• **WHAT THE EXERCISE ASKS**
Only one span of the listing below should come back. It runs from the line with "Glitter Eyeshadow LuckyFine" through the line with "Bulk Pack of", and each of its lines must be reproduced exactly.

• **INFORMATION SHOWN**

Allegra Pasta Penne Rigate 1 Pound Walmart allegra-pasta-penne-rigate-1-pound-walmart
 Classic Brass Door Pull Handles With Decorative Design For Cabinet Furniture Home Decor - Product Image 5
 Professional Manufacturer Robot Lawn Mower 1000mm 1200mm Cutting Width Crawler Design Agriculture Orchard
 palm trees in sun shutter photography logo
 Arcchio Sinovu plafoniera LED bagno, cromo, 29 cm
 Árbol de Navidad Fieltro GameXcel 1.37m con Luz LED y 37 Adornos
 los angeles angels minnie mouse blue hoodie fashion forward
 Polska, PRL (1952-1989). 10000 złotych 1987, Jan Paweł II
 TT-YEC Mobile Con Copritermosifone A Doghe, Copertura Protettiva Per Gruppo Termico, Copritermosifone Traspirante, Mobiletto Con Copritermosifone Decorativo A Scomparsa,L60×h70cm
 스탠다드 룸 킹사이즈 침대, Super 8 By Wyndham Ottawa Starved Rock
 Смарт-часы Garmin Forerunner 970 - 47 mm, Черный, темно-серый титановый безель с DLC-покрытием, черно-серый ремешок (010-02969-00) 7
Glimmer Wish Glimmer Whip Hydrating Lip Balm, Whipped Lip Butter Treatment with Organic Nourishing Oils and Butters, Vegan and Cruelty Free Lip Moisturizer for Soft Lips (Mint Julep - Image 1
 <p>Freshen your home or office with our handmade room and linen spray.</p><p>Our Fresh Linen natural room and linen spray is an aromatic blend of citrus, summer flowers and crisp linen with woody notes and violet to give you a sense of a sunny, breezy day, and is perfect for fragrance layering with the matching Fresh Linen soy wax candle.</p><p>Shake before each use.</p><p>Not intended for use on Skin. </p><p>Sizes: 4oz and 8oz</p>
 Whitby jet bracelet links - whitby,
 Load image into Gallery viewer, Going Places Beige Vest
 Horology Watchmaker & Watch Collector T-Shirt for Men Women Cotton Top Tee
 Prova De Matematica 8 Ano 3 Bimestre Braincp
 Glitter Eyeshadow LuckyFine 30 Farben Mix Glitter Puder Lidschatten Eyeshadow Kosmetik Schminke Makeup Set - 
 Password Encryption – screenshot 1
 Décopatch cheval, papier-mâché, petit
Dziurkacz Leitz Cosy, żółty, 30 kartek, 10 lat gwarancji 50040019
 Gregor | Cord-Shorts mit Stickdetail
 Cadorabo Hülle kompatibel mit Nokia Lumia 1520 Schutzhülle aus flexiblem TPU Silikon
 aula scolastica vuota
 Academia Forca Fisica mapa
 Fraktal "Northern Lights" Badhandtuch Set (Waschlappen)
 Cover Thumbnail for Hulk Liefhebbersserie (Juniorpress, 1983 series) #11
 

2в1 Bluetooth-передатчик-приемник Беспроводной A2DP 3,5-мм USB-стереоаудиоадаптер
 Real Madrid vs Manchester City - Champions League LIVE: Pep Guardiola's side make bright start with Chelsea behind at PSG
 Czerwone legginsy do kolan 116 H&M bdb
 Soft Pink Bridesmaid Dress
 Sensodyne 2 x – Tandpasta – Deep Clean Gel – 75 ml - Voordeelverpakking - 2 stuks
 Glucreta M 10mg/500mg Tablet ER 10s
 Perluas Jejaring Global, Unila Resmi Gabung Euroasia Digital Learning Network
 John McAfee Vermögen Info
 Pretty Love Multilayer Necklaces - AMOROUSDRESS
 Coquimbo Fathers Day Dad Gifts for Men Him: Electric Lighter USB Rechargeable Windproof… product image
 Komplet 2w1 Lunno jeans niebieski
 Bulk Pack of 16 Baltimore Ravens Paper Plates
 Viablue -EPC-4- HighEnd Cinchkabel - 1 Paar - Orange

• **FINAL ANSWER**
 Glitter Eyeshadow LuckyFine 30 Farben Mix Glitter Puder Lidschatten Eyeshadow Kosmetik Schminke Makeup Set - 
 Password Encryption – screenshot 1
 Décopatch cheval, papier-mâché, petit
Dziurkacz Leitz Cosy, żółty, 30 kartek, 10 lat gwarancji 50040019
 Gregor | Cord-Shorts mit Stickdetail
 Cadorabo Hülle kompatibel mit Nokia Lumia 1520 Schutzhülle aus flexiblem TPU Silikon
 aula scolastica vuota
 Academia Forca Fisica mapa
 Fraktal "Northern Lights" Badhandtuch Set (Waschlappen)
 Cover Thumbnail for Hulk Liefhebbersserie (Juniorpress, 1983 series) #11
 

2в1 Bluetooth-передатчик-приемник Беспроводной A2DP 3,5-мм USB-стереоаудиоадаптер
 Real Madrid vs Manchester City - Champions League LIVE: Pep Guardiola's side make bright start with Chelsea behind at PSG
 Czerwone legginsy do kolan 116 H&M bdb
 Soft Pink Bridesmaid Dress
 Sensodyne 2 x – Tandpasta – Deep Clean Gel – 75 ml - Voordeelverpakking - 2 stuks
 Glucreta M 10mg/500mg Tablet ER 10s
 Perluas Jejaring Global, Unila Resmi Gabung Euroasia Digital Learning Network
 John McAfee Vermögen Info
 Pretty Love Multilayer Necklaces - AMOROUSDRESS
 Coquimbo Fathers Day Dad Gifts for Men Him: Electric Lighter USB Rechargeable Windproof… product image
 Komplet 2w1 Lunno jeans niebieski
 Bulk Pack of 16 Baltimore Ravens Paper Plates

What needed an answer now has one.